Individual plates can be joined together by welding the base plates together and using strips to fillet weld and seal the titanium surface. Roll bonded plates are generally limited to low pressure service but again offers significant cost savings for corrosion protection of large diameter pipes, ducts or vessels.

Surface treatments

Titanium has a tendency to gall when in rubbing contact with itself and other surfaces. A number of techniques have been developed to overcome this problem.

Lubrication

Proprietary lubricants of the dry film type, based on molybdenum disulphide, graphite and the like have been developed specifically for titanium. They afford a measure of protection for a limited period and are reapplied as required. Application methods include spraying, dipping and brushing.

Dissimilar hardness

In many applications such as pumps, mixers and valves, titanium's tendency to gall causes gradual wearing of load bearing surfaces. One way to reduce this wear is to increase the differential hardness of the two materials in contact. For instance, a Grade 2 titanium pump case with a typical hardness of 150 HV may use Grade 5 internal components with a hardness of 360 HV.

Anodizing

Increasing the thickness of the titanium oxide surface layer can reduce galling. Where components are not subjected to continual wear, which will cause the layer to be removed, anodizing provides a simple cost-effective solution.

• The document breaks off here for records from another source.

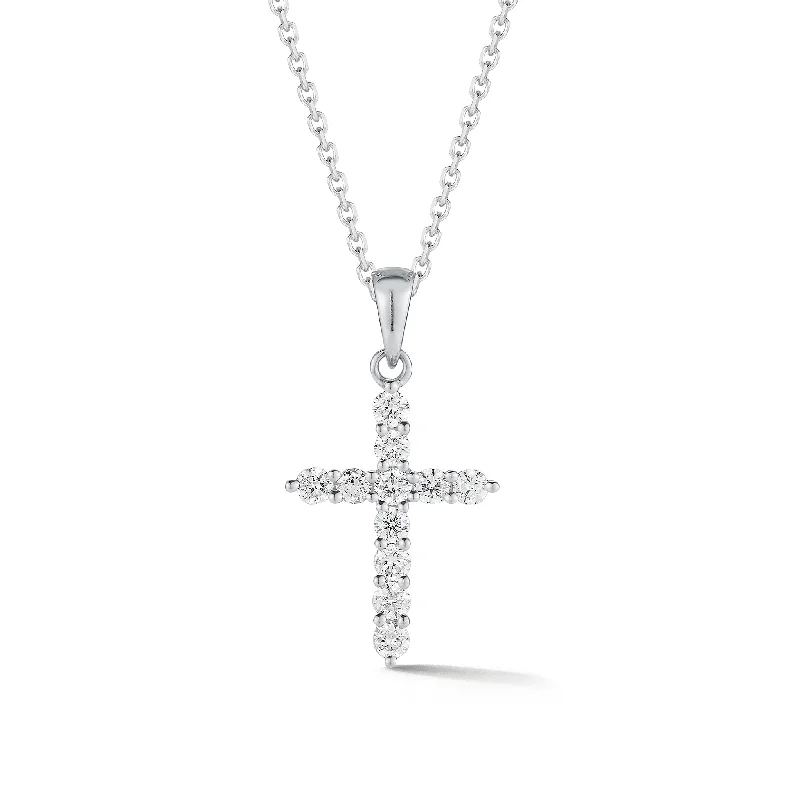 Diamond Slim Cross Pendant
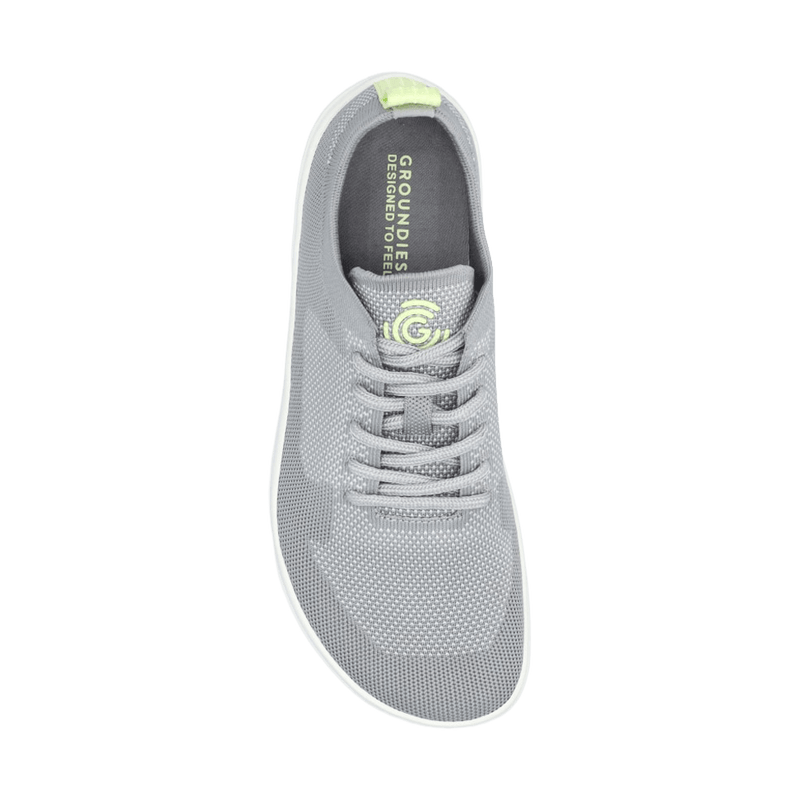 Load image into Gallery viewer, Groundies Active Knit Men's Barefoot Shoes – Stone/Lime
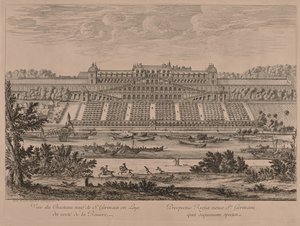 Chateau of St. Germain en Laye fra elven av Jacques Rigaud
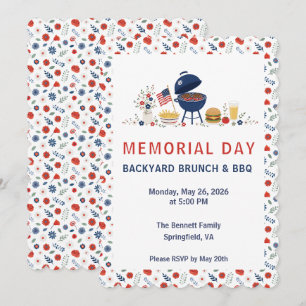 Invitation BBQ du Memorial Day   SA Memorial Flora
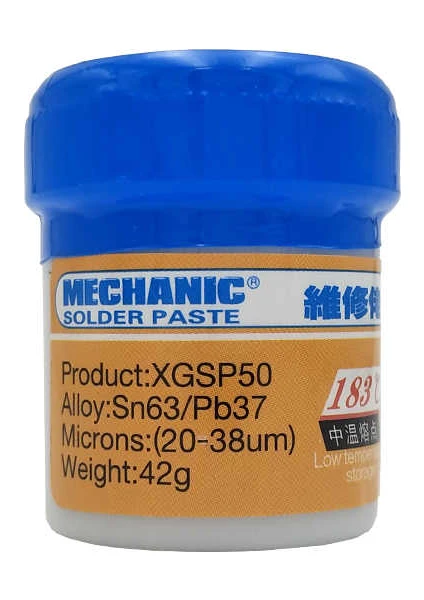 Krem Sıvı Lehim Mechanic Solder Paste 42 Gr Xgsp50 183 Derece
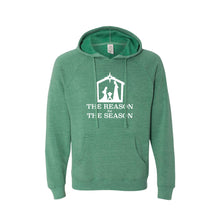 the reason for the season hoodie - sea green - christmas sweatshirt - soft and spun apparel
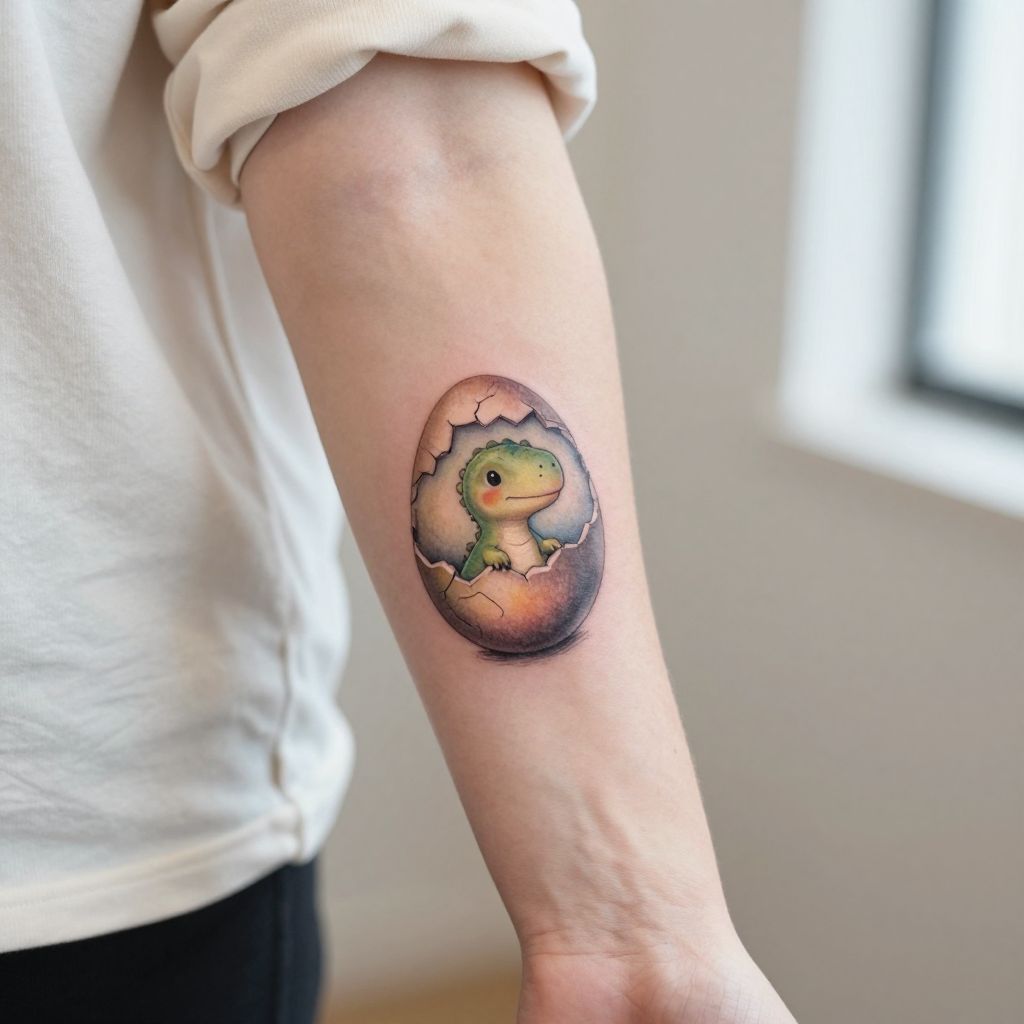 Dinosaur Egg Hatching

The deposition of low frictional coefficient polymers simultaneously with the growth of the anodic film provides both surface hardness and optimum corrosion resistance and lubricity. Several proprietary non-electrochemical processes are available which also provide low friction polymeric surfaces.

Electroplating

Hard chromium on titanium has long been the solution to wear in cases of reciprocating or limited angular movement. Modern methods also enable the co-deposition of polymers which similarly to those built into the anodic oxide film serve to reduce dramatically the surface coefficient of friction and component surface wear.

Ion implantation

Ion implantation is a cold, directional process where charged nitrogen ions are accelerated in a vacuum and impacted onto the titanium surface requiring treatment. The hardness of the titanium surface layer is increased to 1500 HV. Items such as gears and fasteners have been treated successfully by this technique.

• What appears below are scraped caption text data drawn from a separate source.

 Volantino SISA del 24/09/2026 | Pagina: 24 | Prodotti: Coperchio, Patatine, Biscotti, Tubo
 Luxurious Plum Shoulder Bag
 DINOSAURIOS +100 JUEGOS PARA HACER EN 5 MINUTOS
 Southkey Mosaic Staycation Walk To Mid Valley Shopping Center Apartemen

Titanium nitride (tin) coating

In the TiN process, the surface hardness of titanium can be increased dramatically to 2600 HV. The components requiring treatment are placed in a vacuum chamber and heated to 400—°C (752—°F). A stream of titanium ions is reacted with the gaseous nitrogen to form TiN. As the components rotate in the vacuum, their surface layer is coated with TiN to a thickness of 2-6 ´m (0.08-0.23 thou) over a minimum period of three hours. The surface produced has a bright golden appearance. Very intricately shaped components up to 1 cu.m (35 cu.ft) can be treated in this way very quickly.

Currently, the automotive racing industry uses several TiN coated titanium components such as connecting rods and axle hubs, gaining at least a threefold increase in life.